TCAF: Translator stopped at Canadian border

While en route to the Toronto Comic Arts Festival (TCAF), translator and agent Anne Ishii was detained at Billy Bishop Airport in Toronto for over two hours yesterday as Canadian customs officers questioned her and went through every book in her luggage to determine whether she was bringing comics illegally into the country.

Ishii was traveling to TCAF to accompany manga-ka Gengoroh Tagame, whose manga My Brother’s Husband is debuting at the show. While My Brother’s Husband, a story about a Japanese man learning to accept his late brother’s life as an openly gay man in Canada, is a gentle, slice-of-life story that is well suited to teen readers, Tagame is also a well known creator of sexually explicit gay BDSM manga. The Canadian customs service has a history of viewing comics in general and manga in particular with suspicion.

“So at the gate, they asked me what I’m doing here,” Ishii said. “I said ‘I’m going to the comics art festival.’ They asked me what I do, and [I said] ‘I translate manga.’

“‘Manga?

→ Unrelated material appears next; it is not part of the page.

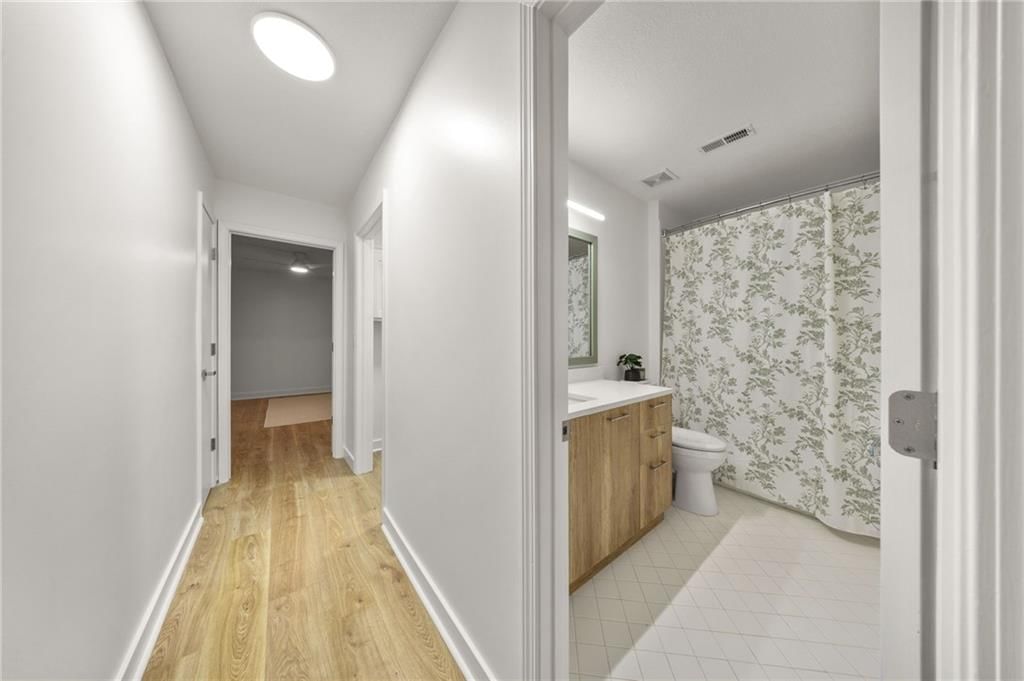 6134 N Amoret Avenue — photo 27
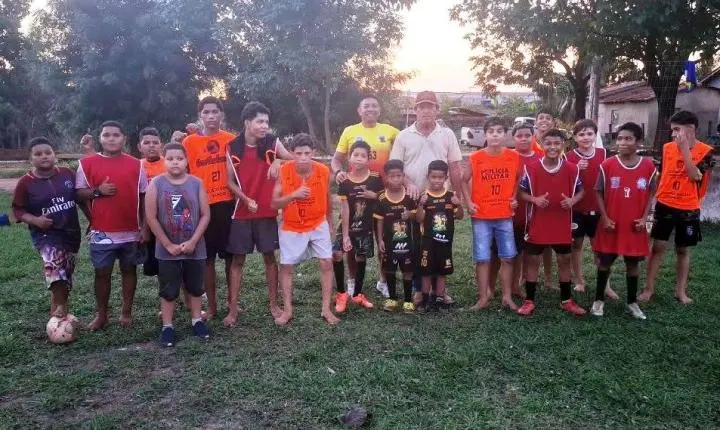 Prefeito Mariano Balabam é homenageado durante visita ao Projeto Social Yahoo em Rosário Oeste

Like anime?’ they asked. Feeling it was no time to quibble, I said ‘Sure.’ I’m not going to quibble about the differences there. I told them, ‘I’m just meeting an artist’ so they ask me about the artist. I say he’s just published this beautiful all-ages book. I emphasize My Brother’s Husband is a very safe book, published by Penguin, and that Penguin wouldn’t publish anything that would challenge the law,” Ishii said.

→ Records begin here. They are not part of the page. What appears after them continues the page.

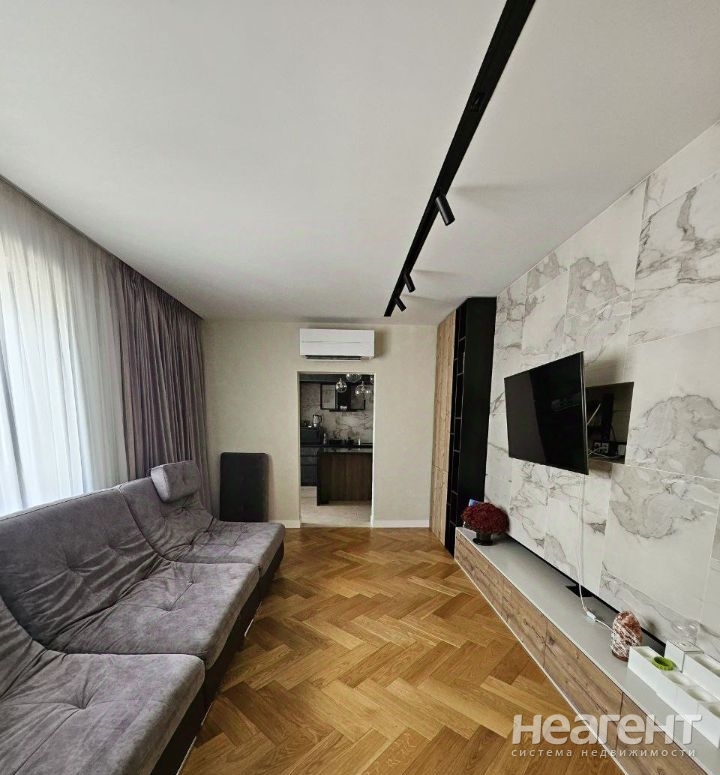 Продается 3-х комнатная квартира, 132 м²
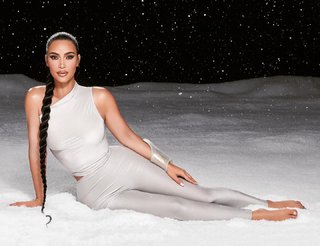 Kim Kardashian feet photo thumbnail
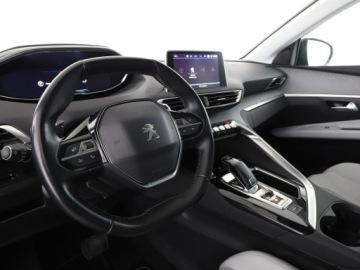 Peugeot 5008 II Crossover 1.5 BlueHDI 130KM 2019 Peugeot 5008 automat jasna tapicerka półskóry, zdjęcie 13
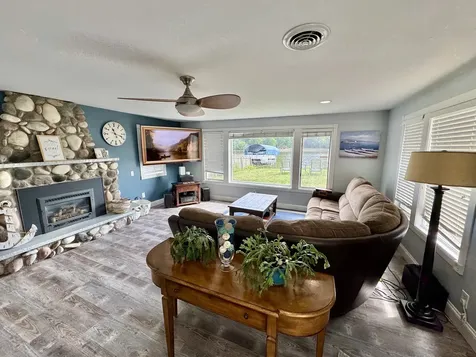 4400 Riverside Drive Crystal Lake IL 60014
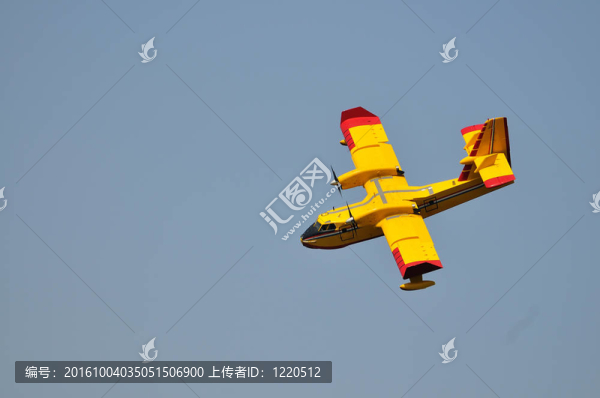 海面上的飛機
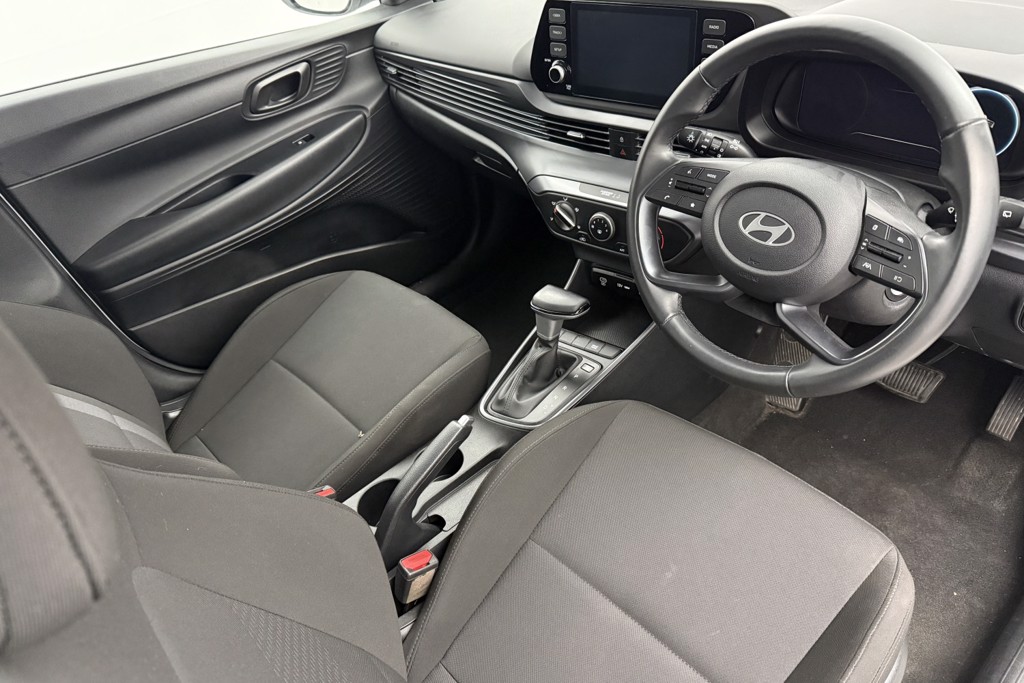 Hyundai I20 Advance Automatic Petrol Hatchback - Stock Number (1553717) - 1st supplementary image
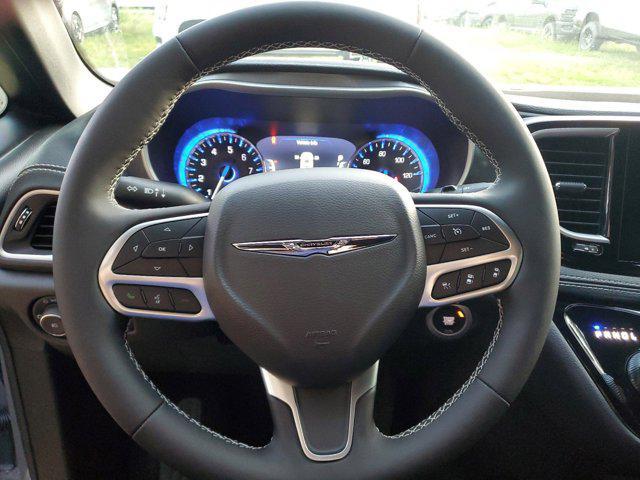 new 2025 Chrysler Pacifica car, priced at $38,643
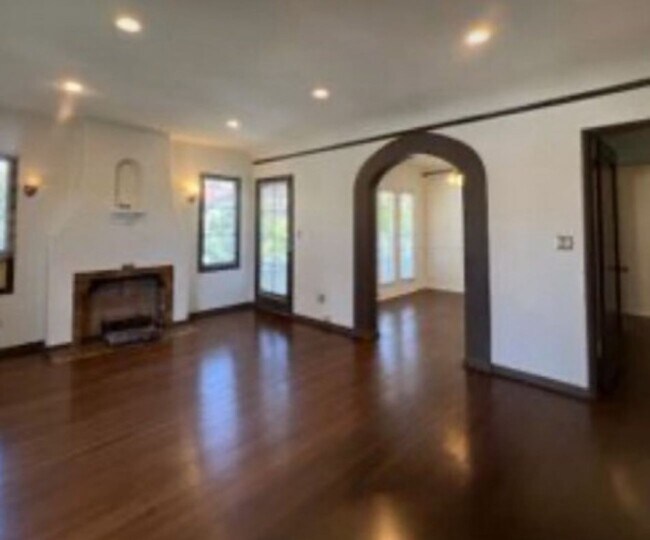 Building Photo - 1171 Huntington Dr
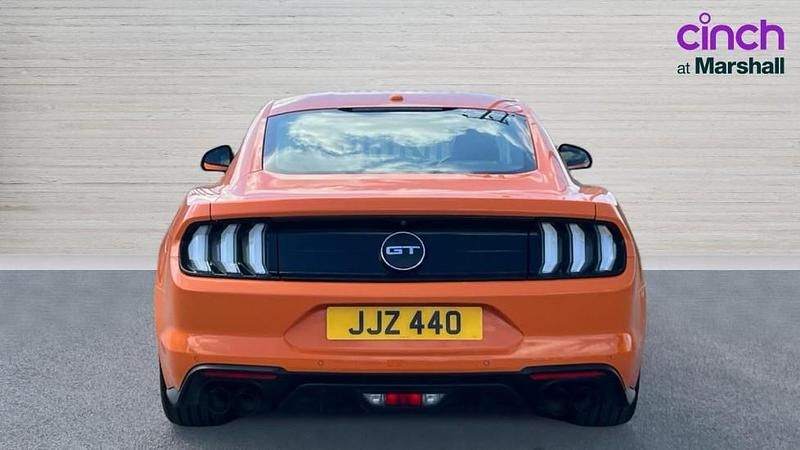 Used Ford Mustang GT 450 HP (330 kW) 2020 Orange Coupe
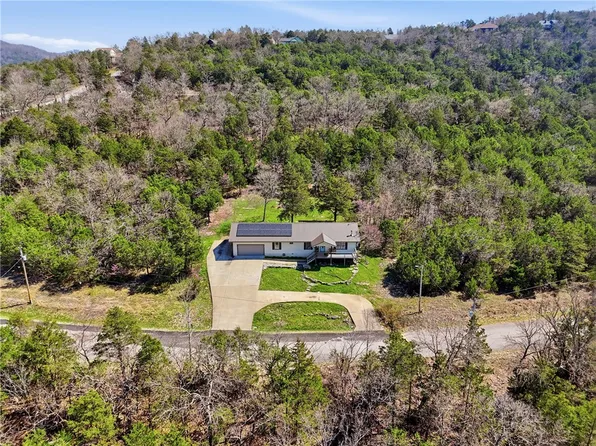 36 Danube Dr, Eureka Springs, AR 72631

Nonetheless, the Canadian Customs officers told her that they wanted to do a second interview. During that interview, the agents searched Ishii’s luggage and found some of Tagame’s earlier books. Ishii had already explained that she is an artists’ agent and the books were samples to be shown to prospective licensors.

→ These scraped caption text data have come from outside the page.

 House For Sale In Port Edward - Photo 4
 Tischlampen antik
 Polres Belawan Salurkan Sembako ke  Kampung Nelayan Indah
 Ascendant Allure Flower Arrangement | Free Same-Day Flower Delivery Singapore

“[The customs officer] just stares, and looks at it,” Ishii continues. “I say, ‘Well, that’s obviously not the Penguin book.’ And she’s like, ‘This is not clean. This is not clean. This is very much not for children.’ And I said, ‘I understand, and it’s in a very limited context that I give these books out.'”

The customs agent then proceeded to look through every one of the books—about 60 in all—while asking repeatedly “Are there children or animals depicted in this book?” “Of course not,” Ishii responded. Then the agent called in another agent.

Ishii continues, “The other agent is also a woman. She looks at [Tagame’s books] and she says ‘Oh yeah, this is that thing, I think people are into that right now,’ very matter of factly. It’s not a big deal. But the first agent remains unconvinced and shows it to another agent, so now there are three of them looking at it. It’s very Goldilocks—the neutral one I was dealing with, the very open-minded one who just wants me to leave, and then the very severe one who is like, ‘You know, if there are children or animals depicted in that, that is completely illegal in Canada.'”

“Of course there are no children depicted here,” Ishii said. “I’m horrified that they would even say that. But they’re also looking at really hard core gay sex.”

The customs agents proceeded to go through Ishii’s belongings, even checking the lining of her bag, as well as her wallet and her laptop computer, although they just looked at the desktop and did not ask Ishii to give them her passwords. Finally, they let her go and did not confiscate any books.

“Once they were done, they were very polite and said ‘OK, you are all good,’ and that was it,” she said. “But that was two hours that I lost.”

This is not the first such incident. In 2011, Tom Neely and Dylan William were stopped on their way to TCAF, and a number of comics they were carrying were confiscated by customs. This article contains a lengthy quote from a blog post, since removed, from a woman whose manga was gone through page by page when she was traveling to Canada in 2006. The most extreme case was that of Ryan Matheson, who was stopped on his way into the country and, after a search of his computer, wrongfully accused of possession of child pornography. The Canadian government dropped the charges in 2012, but his life was disrupted for two years: He was arrested and denied food, blankets, and access to a lawyer or the American Embassy, and until he was cleared he was banned from using computers or the internet.

Although it hasn’t been updated for a while, the site Gomorrahy.com has an archive of titles of materials that were confiscated by Canadian customs officers.